Three cultures and two continents meet when internationally acclaimed Scottish saxophonist Brian Molley’s quartet are joined by a special guest from India at the Jazz Bar in Edinburgh on 19 and 20 August..

Percussionist and film soundtrack composer-musician Krishna Kishor will be flying in from Chennai to continue a relationship that began in 2017 and has already resulted in the album Intercontinental, which was released in June and has been receiving five-star reviews.

Kishor first worked with Molley’s group when they were touring India five years ago and they wound up playing a headline concert together for Madras Jazz Festival as part of the British Council’s UK/India season. 

“It was very much a meeting of similar musical minds,” says Molley, whose music has influences from the Scottish tradition in addition to its jazz credentials. “It was also the start of an innovative and productive collaboration despite Krishna and the four of us living on opposite sides of the planet.”

Molley’s quartet has returned to India to perform again with Kishor on two more tours and Intercontinental was recorded by linking online between Glasgow and Chennai during 2021. 

Brian Molley

Glasgow-based Molley, a former Jazzwise magazine One to Watch, formed his quartet in 2012. The group features some of the finest musicians from the UK’s jazz and world music scenes, with pianist Tom Gibbs, double bassist Brodie Jarvie and drummer Stuart Brown joining Molley. 

Their enthusiastically received debut album, Clock was released in 2013 and was described by BBC Radio 3 as ‘a well-crafted and classy debut’ and by London Jazz News as ‘a minor masterpiece…strikingly good.’ Colour and Movement, their follow-up from 2017, was greeted with similar praise.

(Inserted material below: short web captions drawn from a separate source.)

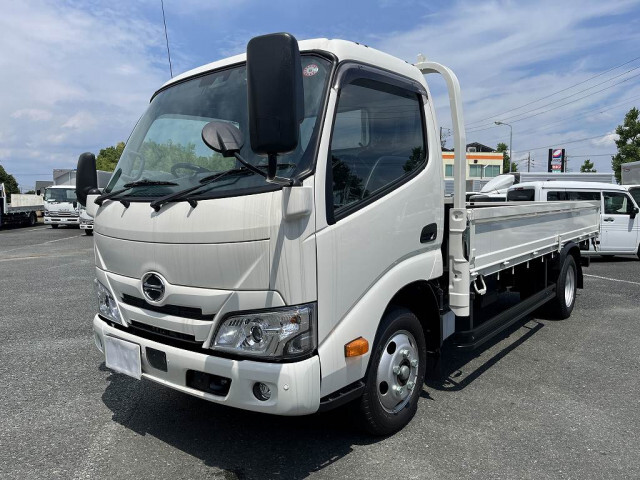 Hino DUTRO 2023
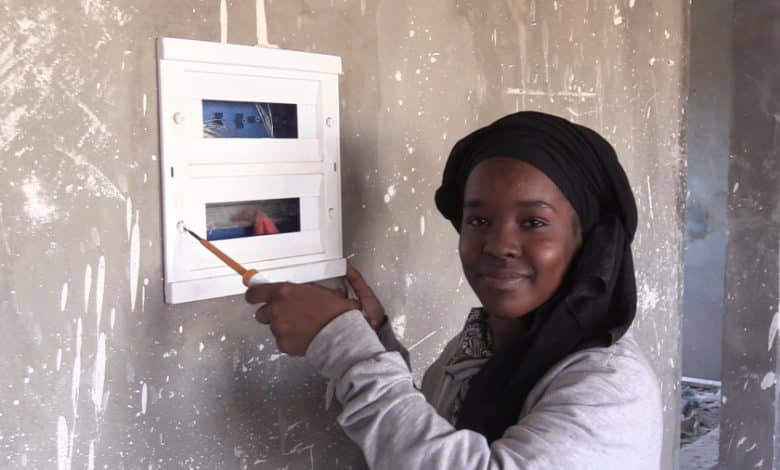 Mauritanie: à la rencontre de Djelika Kelly, une électricienne du bâtiment qui tord le cou aux préjugés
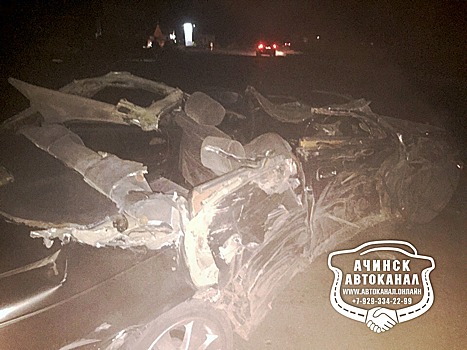 Водитель легковушки скончался после столкновения с фурой в Красноярском крае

All About Jazz said, ‘Molley’s tone is gorgeous, he never wastes a note’ and The Scotsman described Molley’s tenor saxophone as singing ‘beautifully, sultry and lyrical.’ 

The quartet represented the cream of UK jazz at Rochester International Jazz Festival, New York as part of the Made in the UK series in 2015. On the same trip they played well-received club dates in New York City, drawing enthusiastic responses at Silvana in Harlem and WhyNotJazzRoom in Greenwich Village. 

Their numerous national and international tours include appearances at Glasgow, Edinburgh and Manchester jazz festivals, a live session for BBC Radio 3’s Jazz Line-Up in 2017 and several trips to tour, collaborate and record in India. The quartet’s first collaboration with Rajasthan’s Asin Langa Ensemble included a nationwide tour of India as well as a reciprocal arrangement that brought the renowned Indian folk musicians to the UK to tour for the first time in 2018. A resulting track, Journeys in Hand, composed by Molley, was selected for Songlines Magazine’s June 2018 covermount CD.

Krishna Kishor, who will also appear with Molley’s group in Glasgow on August 18th and in Dunoon on August 21st, is internationally regarded as a specialist in the traditions, practices and instrumentation of music from his home state of Tamil Nadu in South India. He has performed extensively in the US and Europe as well as in India. His CV includes contributing percussion to the soundtracks of over 100 Bollywood films and he composed the score to Annabelle Sethupathi, the 2021 Indian Tamil language comedy thriller.

“Krishna is an amazing musician,” says Molley. “He always knows instinctively what colours and rhythms to add to the music and working with him is really inspiring. We’re really happy with the way Intercontinental turned out, considering the unconventional recording process, and we can’t wait to welcome Krishna to Scotland to play these concerts.”